Let's have a look at the three popular candlestick patterns and the meaning behind.
They are usually reversal patterns and I think that they can help you serve as an entry trigger in your trading.
The first one is what we call the…
Engulfing Pattern
The first one is the Bullish Engulfing pattern, and what it looks like:
Let me explain to you the concept behind it.
You can see that when the first candle opens, the sellers came in and took control and pushed price all the way down lower, closing near the lows.
What happened next, is that the subsequent candle opened near the lows.
The buyers stepped in and pushed price all the way back higher.
Even higher than the previous day highs.
And then finally closing near the highs.
You can see that this a Bullish Engulfing pattern.
Because it has “engulfed” the previous candle.
This is a bullish reversal pattern, a bullish engulfing pattern.
One thing to note is that, the larger the bullish engulfing pattern, the more significant it is!
The second one over here is what you call a Bearish Engulfing Pattern:
In the first candle, you can see that price has opened near the lows.
The buyers stepped in and pushed prices all the way up and closed towards the highs.
Then, the subsequent candle that has opened where it closed previously...
The sellers came in and took price all the way down lower.
Finally closing near the lows!
This is a bearish engulfing pattern because the second candle has engulfed the previous green candle.
What it means is that it's a bearish reversal pattern.
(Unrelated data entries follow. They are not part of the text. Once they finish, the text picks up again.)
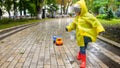 Cute toddler boy in yellow raincoat running with toy truck in rainy autumn park Royalty Free Stock Photo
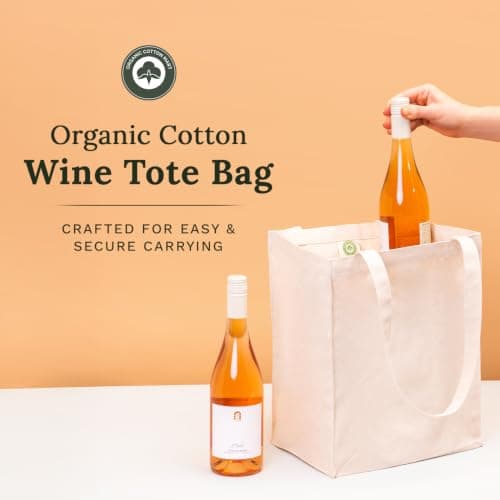 Six Bottle Canvas Wine Tote Bag - Premium Material, Extremely Sturdy, Washable & Reusable Wine Carrier Bag - Double Stitched Reusable Wine Bags - Sturdy 6 Bottle Wine Carrier (1 Bag), Natural Cotton — view 2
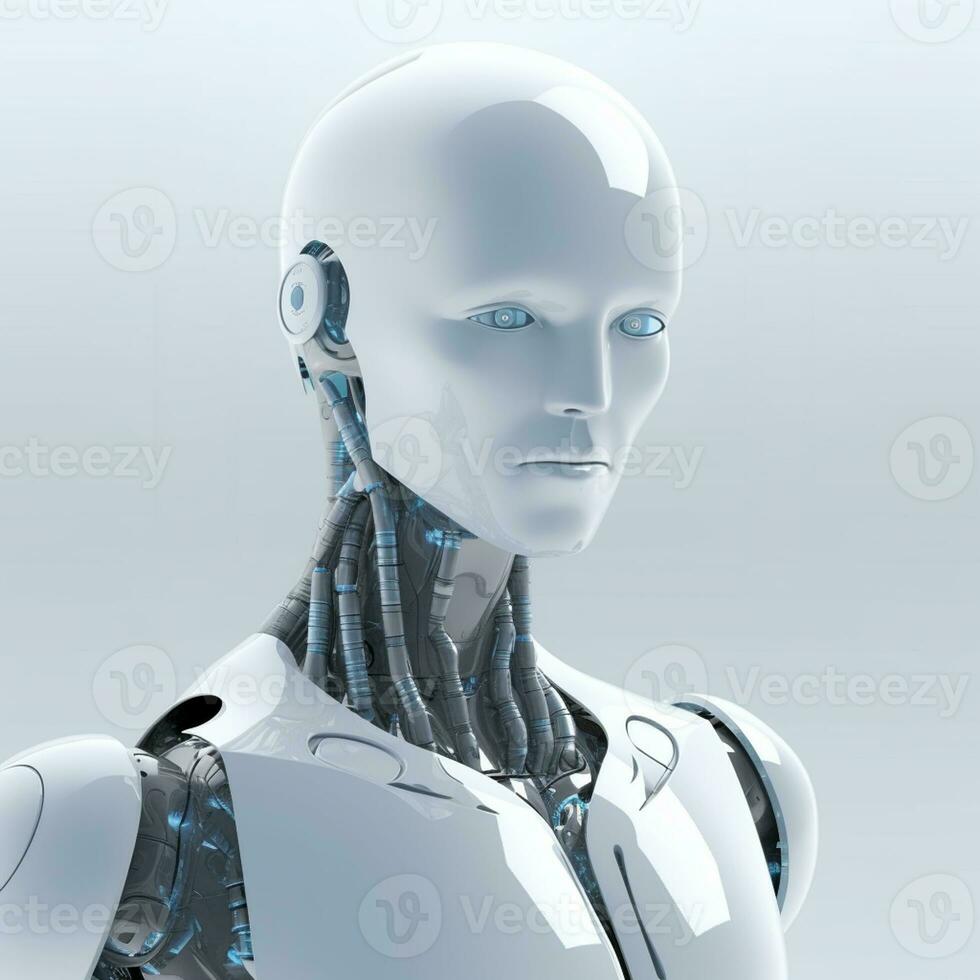 Generative AI futurim Robot With a Copy space photo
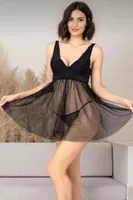 Dantelli Tül Fantezi Kadın Babydoll Nurteks 5402 Siyah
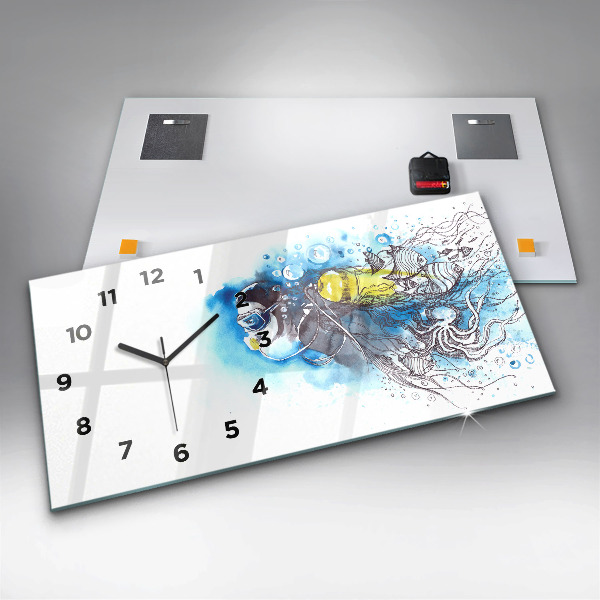 Horizontal wall clock Underwater fish life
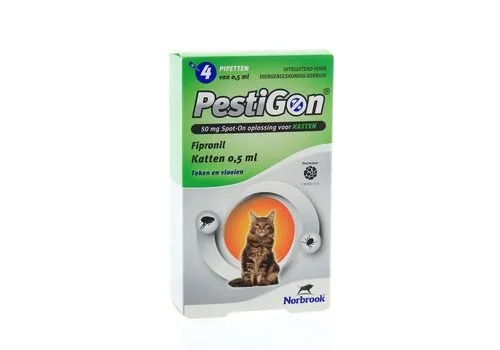 Pestigon Pestigon vlooien- en tekenmiddel kat | 4 pipetten van 0,5 ml | Fipronil 50 mg | Tot 5 weken vlooienbescherming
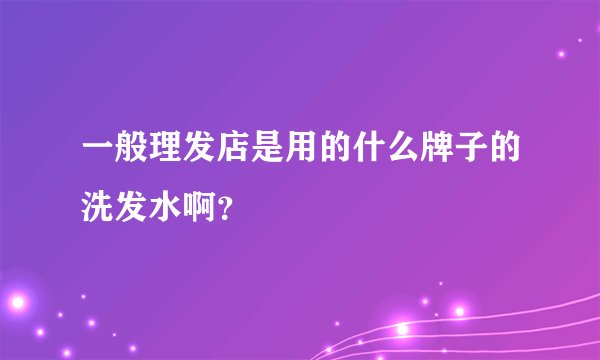 一般理发店是用的什么牌子的洗发水啊？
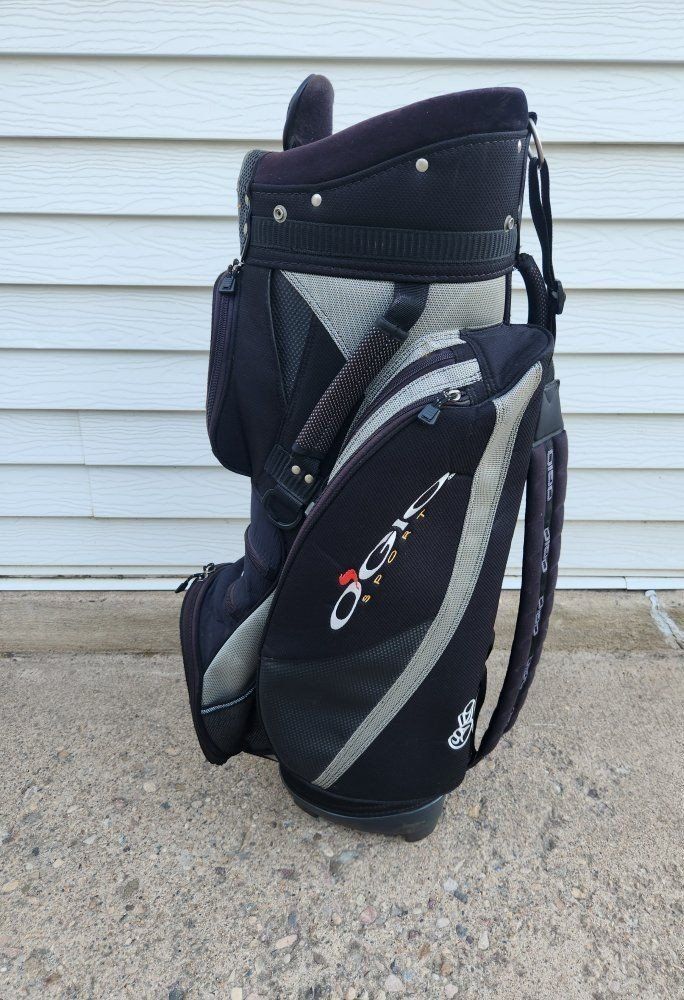 ogio sport golf cart bag, 6-way, black and grey, excellent condition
The sellers are momentarily in control.
The key word is "momentarily," I didn't say permanently.
The larger it is the more significant the pattern is.
The next pattern that I want to share with you is…
Hammer and Shooting Star
A Hammer looks something like this:
Let me walk you through how it works.
Basically, for a Hammer candlestick pattern, the price opens at a high level.
Then the sellers quickly came in and took control and you can see that the price is being pushed all the way down lower.
What happens is that the buyers (the bulls) came in and has taken control back from the sellers, pushing price all the way back up higher.
And finally, closing near the highs of the day.
This candlestick pattern is essentially telling you that there is a tug of war between the bulls and the bears.
And eventually the bulls have won, right?
So, essentially this candlestick pattern is a bullish reversal pattern.
Buyers are momentarily in control.
Ideally, the length of the wick is at least two times the body!
The longer the wick, the greater the price rejection.
So, how you want to define Hammer is that the body is small.
One thing to clarify is that you might have come across in works or materials online that says that If you spot a Hammer in the uptrend...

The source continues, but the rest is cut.